Wenn ich eine symbolträchtige Szene hervorheben müsste, dann gefiel mir besonders die anschauliche Rekonstruktion der Spaziergänge durch den Parque 3 de Febrero: was man sah, wie sich die Menschen kleideten, die Gespräche und das Schweigen auf Bänken und in Kutschen. Dieser historische Moment erwies sich als ideal für Spannung und Mystery, nicht nur wegen der Bevölkerungsexplosion und der Dilemmata einer expandierenden Stadt, sondern auch, weil er an das erzählerische Universum anknüpft, das ich bereits in „The Dark Knight Rises“ erkundet habe. Obwohl man diesen Roman nicht unbedingt gelesen haben muss, teilen beide eine besondere Atmosphäre, mit einer neu geschaffenen Polizei und einem fesselnden Justizsystem in ihrer ersten Entfaltung.
Balmaceda erzählt die Erlebnisse der Protagonisten an einem Tag, an dem „ein klarer Himmel und eine warme Sonne den Frühling vorzeitig ankündigten“, in einer Stadt, die „am 19. September zum Leben erwachte und deren Straßen voller Landhüte und Regenschirme waren, die versuchten, die Intensität der Sonnenstrahlen zu mildern. Tausende Besucher – zu Fuß, mit öffentlichen oder privaten Verkehrsmitteln – machten sich auf den Weg zum Parque 3 de Febrero, der grünen Lunge von Buenos Aires , drei Kilometer nördlich des Zentrums.“
Wie so oft im Verlauf des Romans befasst sich der Autor mit den Ressourcen und Daten, die er seinen Lesern üblicherweise zur Verfügung stellt, mit der Entstehung der ausgedehnten Parkanlage als „Muss für die Bevölkerung von Buenos Aires“. Diese Anlage entstand auf dem Land, das Juan Manuel de Rosas nach seiner Niederlage in der Schlacht von Caseros am 3. Februar 1852 konfisziert wurde und daher auch ihren Namen hat.
Daniel Balmaceda.
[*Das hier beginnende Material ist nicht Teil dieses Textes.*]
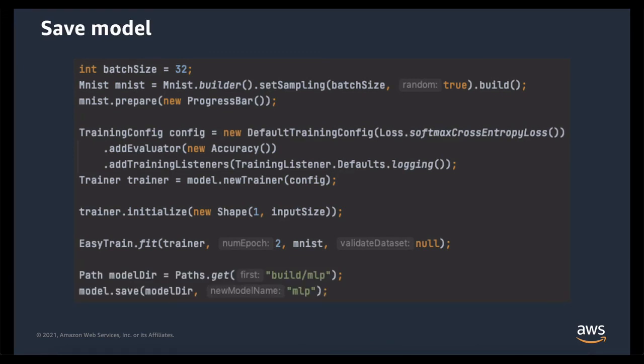At this point, we're done. We've successfully trained our model. The only step left is we want to save our model so we can still access it later. We're going to save it under the name of MLP onto the model directory in our file system. In the next video, we're going to see how to load our model and use it in a production system. Thanks for watching.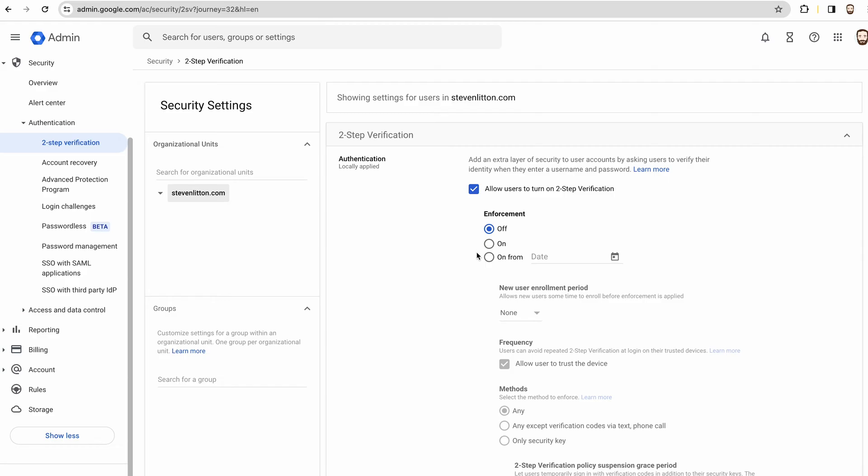Then you're going to obviously select the organization you want and then allow users to turn on two-step verification, because without this they won't be able to set up app passwords. You've got the option for enforcement so you can tell users that they have to set up two-factor authentication. To be honest, that's a good idea to do.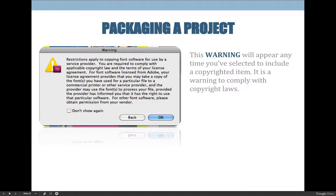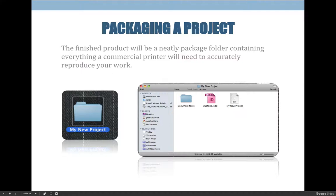Once you package, you're going to get a folder. Looking at the screen now, you might think it doesn't look like the example given earlier in the lecture. That example had a Document Fonts folder, a duotone.indd file, and a new project.txt file — so it has fonts, an InDesign project file, and instructions.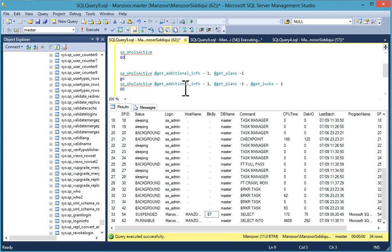It is very useful and more advanced than sp_who and sp_who2. It gives you details about total duration for blocking, SQL query involved in blocking, blocked by and blocking query, execution plan XML file details, blocking session ID, wait time and wait type, etc.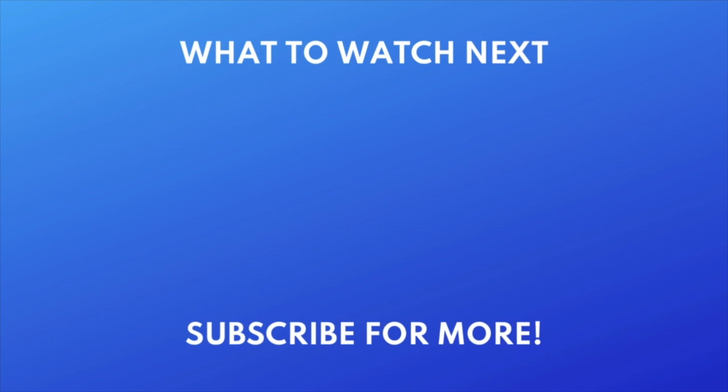Thanks for watching. If you found this video helpful, we'd love it if you'd hit the like button below and subscribe to our channel. We put out great new tech tutorials like this one every day.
Foto: Constanza Niscovolos.
– Hat diese Recherche neue Informationen für einen kommenden historischen Roman geliefert?
– Ja, wie immer sind bei der Recherche zu „Der Neujahrskriminelle“ unbekannte Fälle und Charaktere aufgetaucht, die mein Interesse geweckt haben. Wenn ich ein Buch fertig habe, arbeite ich immer schon an anderen Projekten. Momentan habe ich vier oder fünf Bücher in verschiedenen Entwicklungsstadien. Das nächste wird wahrscheinlich kein Roman, obwohl es eine andere Kriminalgeschichte gibt, die mich sehr interessiert. Aber jetzt ist der Moment für „Der Neujahrskriminelle“ gekommen . Jedes Buch hat seine Zeit, und das nächste wird warten, bis es an der Reihe ist.
Der Silvesterkrimi wird am 29. Juni um 15.30 Uhr im Immigrant Museum präsentiert.